At least two private language bills are pending before the National Assembly and Senate for declaring Punjabi, Pashto, Balochi, Sindhi and others as national languages of Pakistan in addition to Urdu.
There is a long list of countries where more than one language has been declared as national/official languages. For example, India has more than 20 national languages, Singapore has four, Switzerland five etc. The concept of only one national language does not exist more particularly in any country where numerous languages are spoken on wide level. We have lost more than half the country in 1971 because we initially refused to accept the language of the majority ie, Bengali (56 percent of population) as one of the national languages of Pakistan.
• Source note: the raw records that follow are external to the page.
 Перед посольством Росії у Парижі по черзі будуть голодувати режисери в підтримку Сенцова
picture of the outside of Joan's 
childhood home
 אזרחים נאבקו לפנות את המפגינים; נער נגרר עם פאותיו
On Feb 21, 1952 a movement to declare Bengali as national languages was launched in Dhaka that took a bloody turn. Consequently, country was broken on the basis of language as Shaikh Mujibur Rahman later declared he was trying to get independence since 1952. In 1948, there was suggestion before the Constituent Assembly that Urdu, English and Bengali should be declared as national/official languages of Pakistan but a lobby of Karachi that had the support of media started declaring Bengalis as “Anti-Pakistan”, “Anti-Islam”, “Foreign Agents” etc.
The claim of Maulvi Abdul Haq (Baba-i-Urdu) that the languages that were written from write to left, were languages of God, could not convince Bengalis as the said lobby in West Pakistan had already refused to accept Arabic as national language despite Pakistan was created on the basis of Islam.
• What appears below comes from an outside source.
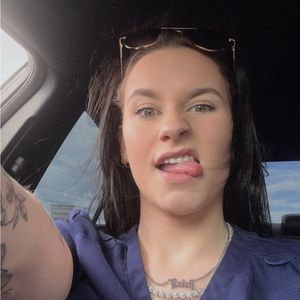 Meet your Posher, Leah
In 1954, when then Prime Minister Mohammad Ali Bogra called Bengali as second language of Pakistan, the Urdu and English newspaper of Karachi observed strike for one day in protest. The Sindhi newspapers refused to join. Consequently, A B A Haleem, ex-Vice Chancellor, Karachi University banned Sindhi language in the university. The decision was challenged by Barrister Zulfikar Ali Bhutto in 1957 in West Pakistan High Court and finally the ban became ineffective.
I request Pakistan Peoples Party (PPP), PML(N), MQM, ANP, PML(Q) and others to come forward and resolve the sensitive language issue in Pakistan by declaring at least five languages of Pakistan ie, Punjabi, Pashto, Sindhi, Seraiki and Balochi as national languages in addition to the prevailing Urdu to ensure better future of the country.